GIVEN DATA:
^^^^^^^^
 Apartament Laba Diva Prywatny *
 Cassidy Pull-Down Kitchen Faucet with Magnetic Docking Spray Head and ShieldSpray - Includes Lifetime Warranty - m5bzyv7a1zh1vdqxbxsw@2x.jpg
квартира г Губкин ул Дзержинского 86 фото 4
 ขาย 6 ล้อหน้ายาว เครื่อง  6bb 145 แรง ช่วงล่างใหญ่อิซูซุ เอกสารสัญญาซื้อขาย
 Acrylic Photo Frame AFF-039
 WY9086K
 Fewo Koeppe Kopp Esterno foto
^^^^^^^^
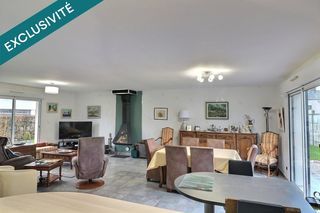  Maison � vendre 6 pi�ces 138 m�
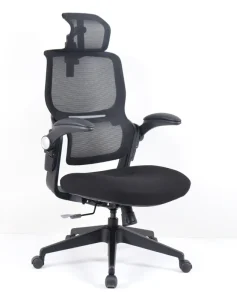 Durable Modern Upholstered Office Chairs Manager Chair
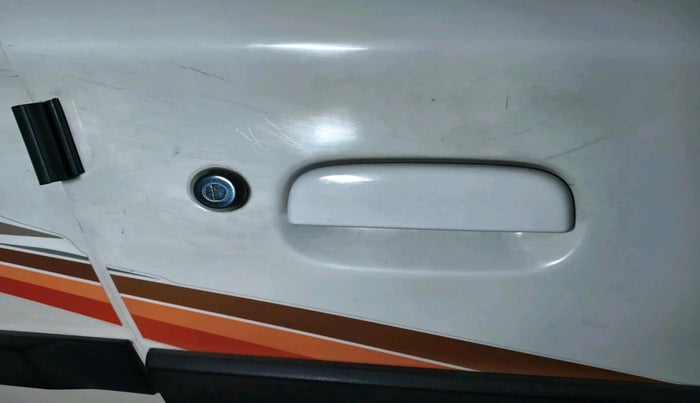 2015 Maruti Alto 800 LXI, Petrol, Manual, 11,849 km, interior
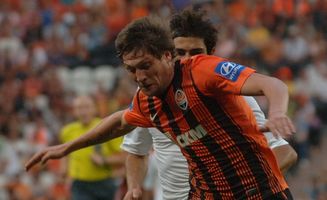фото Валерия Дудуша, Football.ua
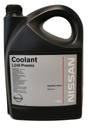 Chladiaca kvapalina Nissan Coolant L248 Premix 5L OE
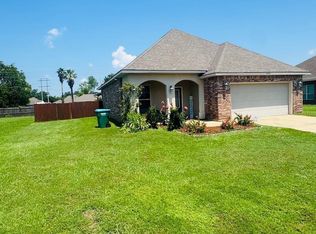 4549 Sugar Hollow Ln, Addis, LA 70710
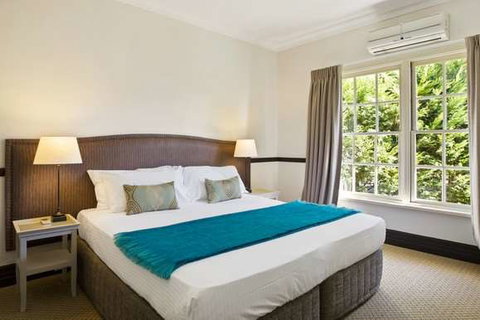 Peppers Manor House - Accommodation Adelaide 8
^^^^^^^^
Every line from the one with "4549 Sugar Hollow Ln, Addis, LA 70710" through the one with "Peppers Manor House" is to be reproduced exactly as written above, and the pictures are to be dropped.

SOLUTION:
 4549 Sugar Hollow Ln, Addis, LA 70710
 Peppers Manor House - Accommodation Adelaide 8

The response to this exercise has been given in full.